- _YOUR INSTRUCTIONS_
Your answer must be the listing repeated word for word, without its pictures.

- _AVAILABLE RECORDS_
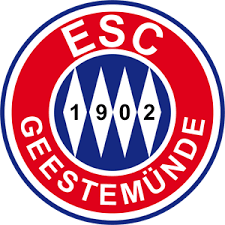 ESC Geestemunde Team Logo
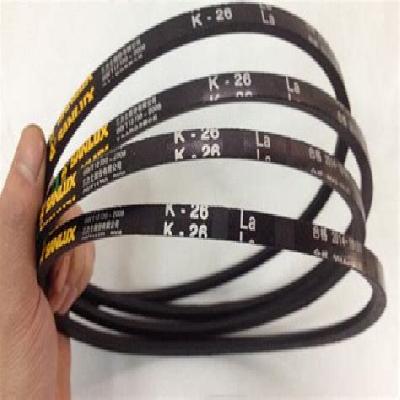 Rubber Take Up Belt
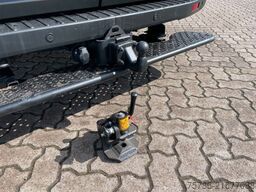 FORD Transit 350 L3H3/ 4x4/ Trend/ AC/ AHK/ Werkstatt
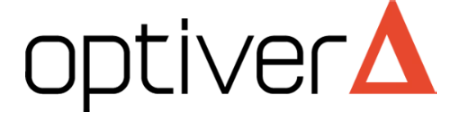 Optiver logo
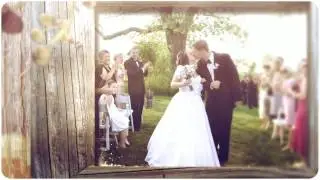 Gedney Farms Rustic Wedding : Lenox MA : Michelle Girard Photography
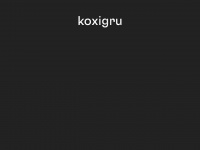 koxigru.org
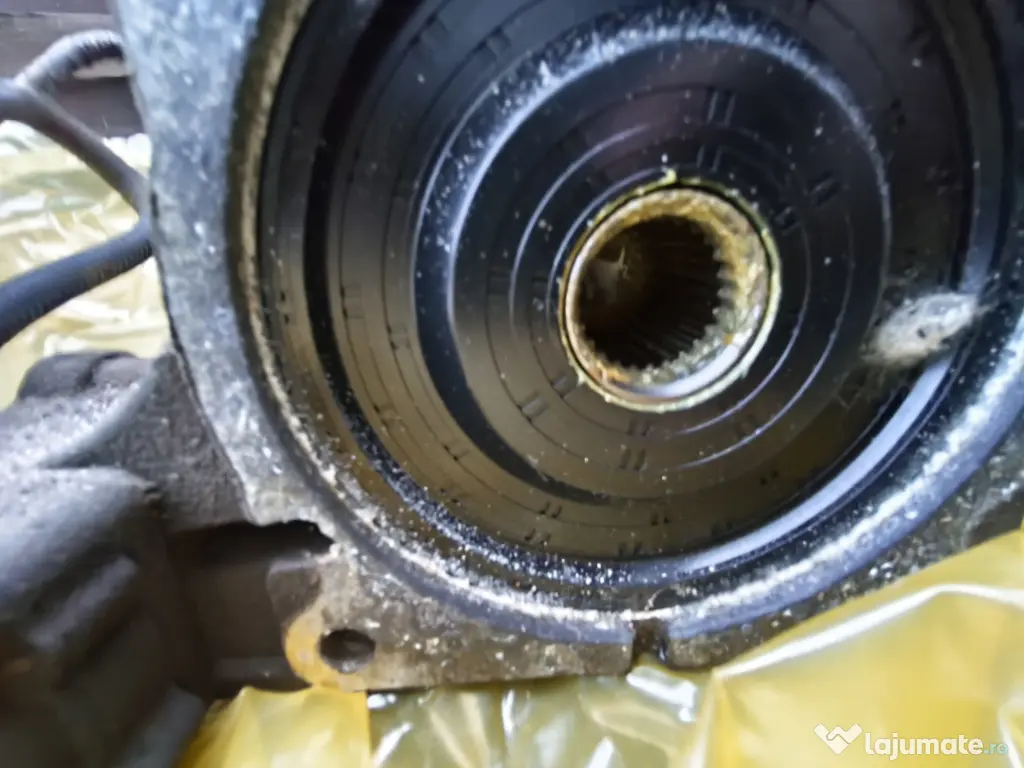 Cuplaj diferențial 4x4 Hyundai Tucson 47800-3B520 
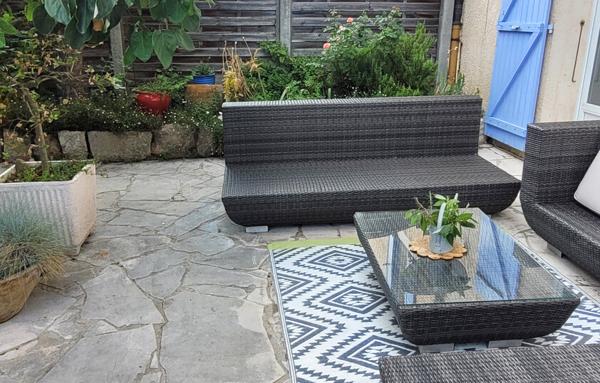 Demeure de charme à Ornex rénovée et très bien placée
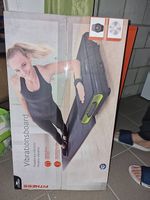 Neu Vibrationsboard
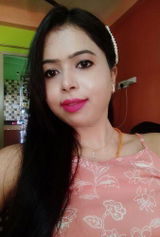 Amrita R. review photo
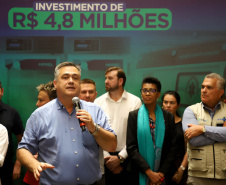 AMBULÂNCIAS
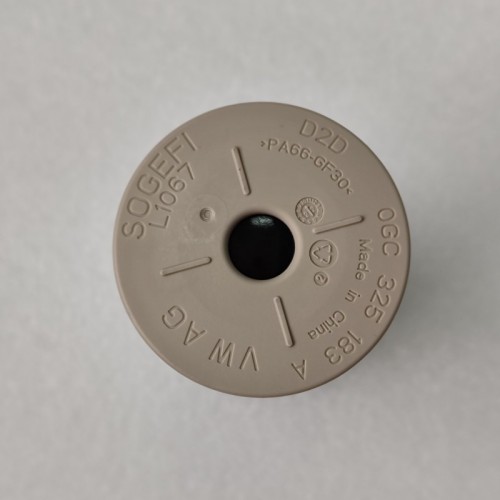 0GC-0058-OEM2 Outer Filter With O Ring 0GC 325 183A 0GC Transmission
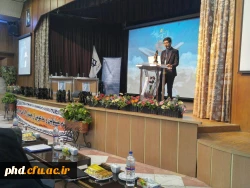 برگزاری همایش ملی روایت پژوهی در پردیس شهید هاشمی نژاد مشهد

- _RESPONSE AREA_
 ESC Geestemunde Team Logo
 Rubber Take Up Belt
 FORD Transit 350 L3H3/ 4x4/ Trend/ AC/ AHK/ Werkstatt
 Optiver logo
 Gedney Farms Rustic Wedding : Lenox MA : Michelle Girard Photography
 koxigru.org
 Cuplaj diferențial 4x4 Hyundai Tucson 47800-3B520 
 Demeure de charme à Ornex rénovée et très bien placée
 Neu Vibrationsboard
 Amrita R. review photo
 AMBULÂNCIAS
 0GC-0058-OEM2 Outer Filter With O Ring 0GC 325 183A 0GC Transmission
 برگزاری همایش ملی روایت پژوهی در پردیس شهید هاشمی نژاد مشهد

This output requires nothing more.